# Algorithm

- // notation

- $n$ features ${\cal{X}} = \{X_1, \dots, X_n\}$ and the class $Y$

- $m$ instances.

- $D = \{ (x_1^i, \dots, x_n^i, y^i) \}_{i=1}^{m}$

- $W$ a weights vector. $W_0$ are the initial weights.

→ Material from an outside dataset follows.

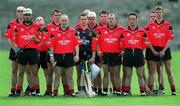25 May 2002; The Down hurling team stand for the National Anthem during the Guinness Ulster Senior Hurling Championship Semi-Final match between Down and Derry at Casement Park in Belfast. Photo by Damien Eagers/Sportsfile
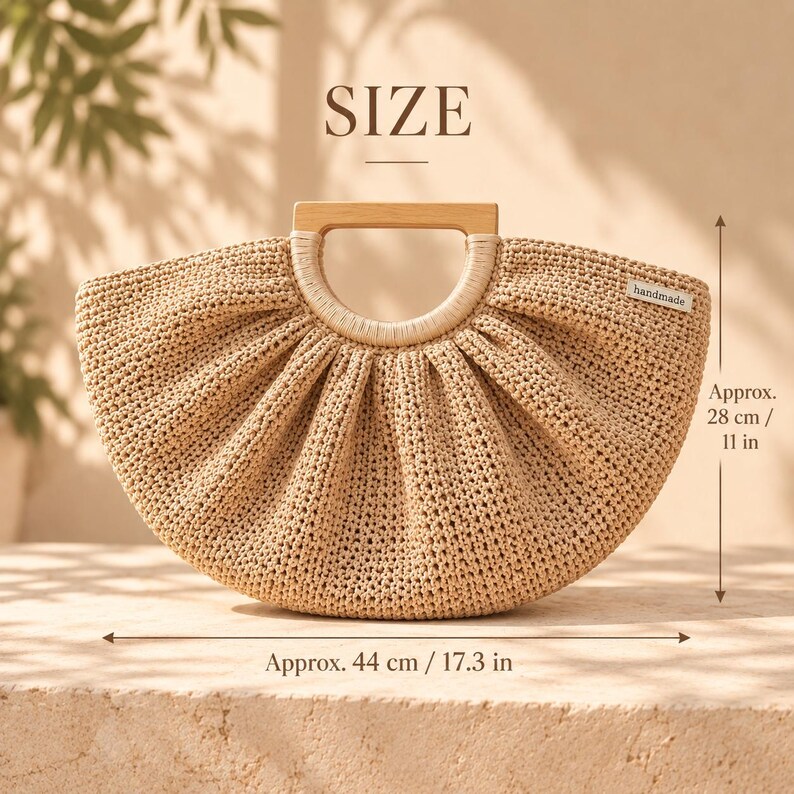 Beige Raffia Crochet Shell Bag: Handmade Top Handle Purse with Wooden Handles image 5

- $D[W]$ dataset with weights $W$ for the instances.

1. // initialization

2. $W_0 \leftarrow (w_1, \dots, w_m) \leftarrow 1/m$

3. $W \leftarrow W_0$

4. $Vars \leftarrow {\cal{X}}$

5. $\delta \leftarrow 10^{-4}$

6. $convergence \leftarrow True$ // hyperparameter

7. $maxTolerancia \leftarrow 3$ // hyperparameter

8. $bisection \leftarrow False$ // hyperparameter

9. $finished \leftarrow False$

10. $AODE \leftarrow \emptyset$ // the ensemble

11. $tolerance \leftarrow 0$

12. $numModelsInPack \leftarrow 0$

13. $maxAccuracy \leftarrow -1$

14.

15. // main loop

16. While $(\lnot finished)$

    1. $\pi \leftarrow SortFeatures(Vars, criterio, D[W])$

    2. $k \leftarrow 2^{tolerance}$

    3. if ($tolerance == 0$) $numItemsPack \leftarrow0$

    4. $P \leftarrow Head(\pi,k)$ // first k features in order

    5. $spodes \leftarrow \emptyset$

    6. $i \leftarrow 0$

    7. While ($i < size(P)$)

        1. $X \leftarrow P[i]$

        2. $i \leftarrow i + 1$

        3. $numItemsPack \leftarrow numItemsPack + 1$

        4. $Vars.remove(X)$

        5. $spode \leftarrow BuildSpode(X, {\cal{X}}, D[W])$

        6. $\hat{y}[] \leftarrow spode.Predict(D)$

        7. $\epsilon \leftarrow error(\hat{y}[], y[])$

        8. $\alpha \leftarrow \frac{1}{2} ln \left ( \frac{1-\epsilon}{\epsilon} \right )$

        9. if ($\epsilon > 0.5$)

            1. $finished \leftarrow True$

            2. break

        10. $spodes.add( (spode,\alpha_t) )$

        11. $W \leftarrow UpdateWeights(W,\alpha,y[],\hat{y}[])$

    8. $AODE.add( spodes )$

    9. if ($convergence \land \lnot finished$)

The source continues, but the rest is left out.